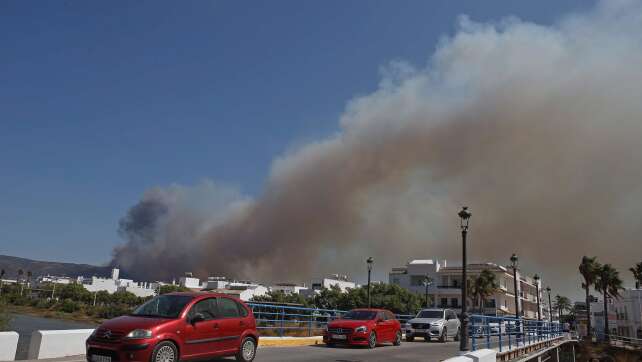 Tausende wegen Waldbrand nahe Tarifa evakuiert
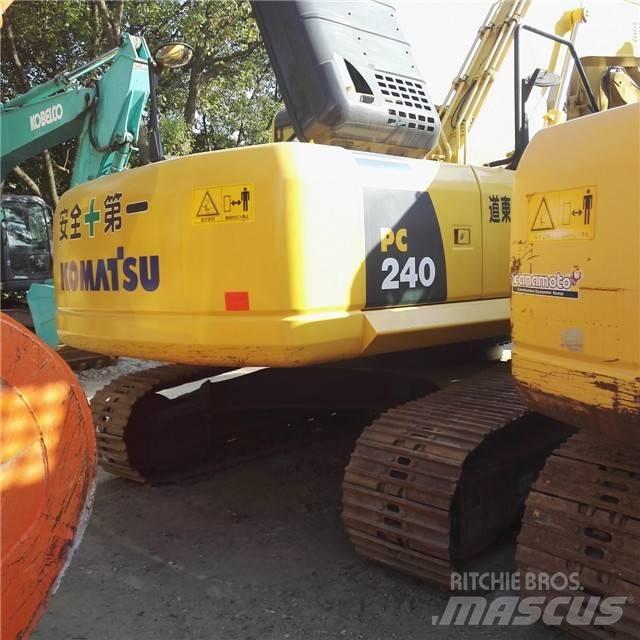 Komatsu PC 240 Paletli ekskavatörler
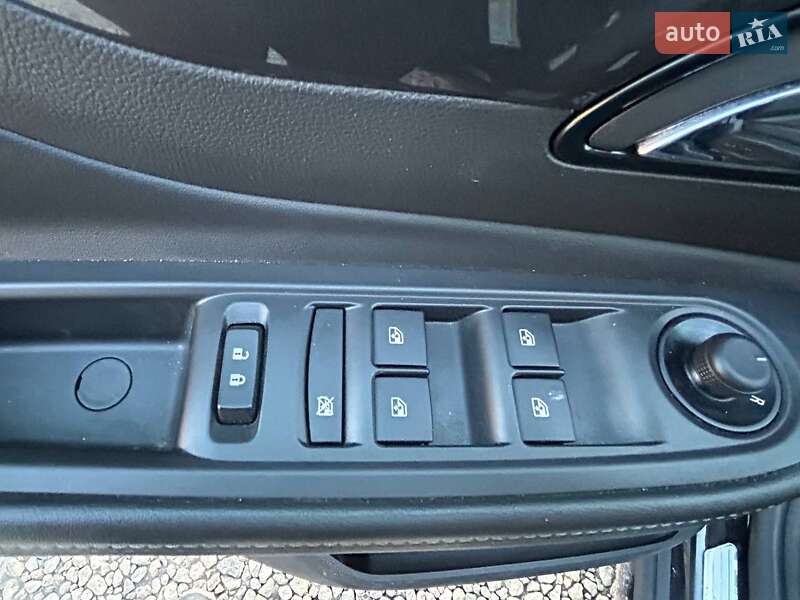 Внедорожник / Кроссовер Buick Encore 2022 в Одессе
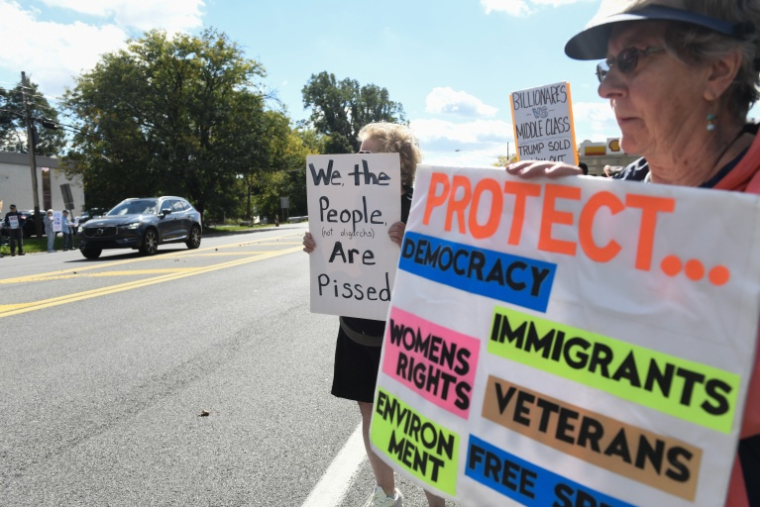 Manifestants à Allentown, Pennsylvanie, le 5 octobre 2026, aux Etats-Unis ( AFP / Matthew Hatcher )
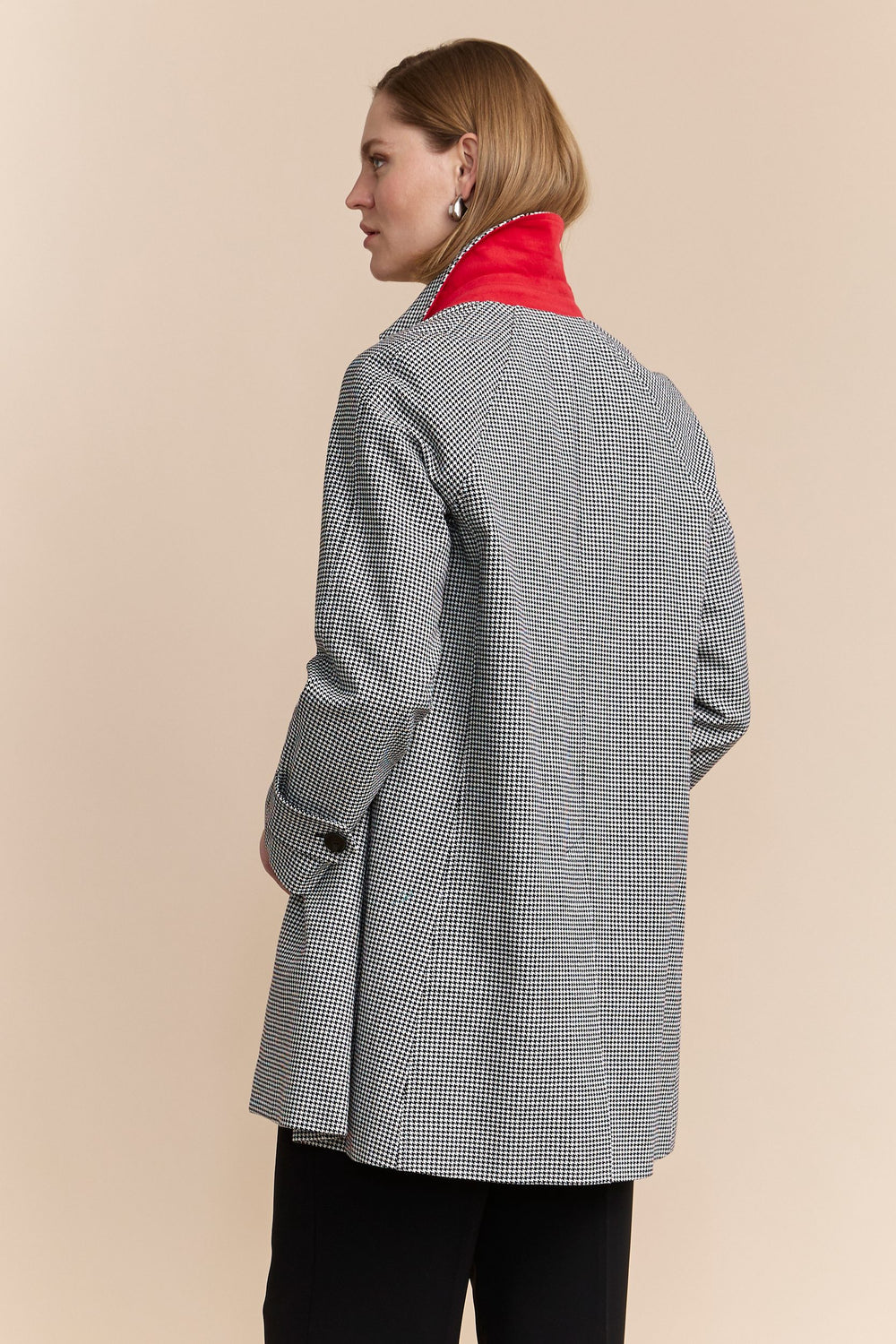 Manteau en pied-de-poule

★ ★ ★

● **WORK INSTRUCTION**
Return the entries exactly as given. Do not include pictures.

● **TASK RESPONSE**
 Tausende wegen Waldbrand nahe Tarifa evakuiert
 Komatsu PC 240 Paletli ekskavatörler
 Внедорожник / Кроссовер Buick Encore 2022 в Одессе
 Manifestants à Allentown, Pennsylvanie, le 5 octobre 2026, aux Etats-Unis ( AFP / Matthew Hatcher )
 Manteau en pied-de-poule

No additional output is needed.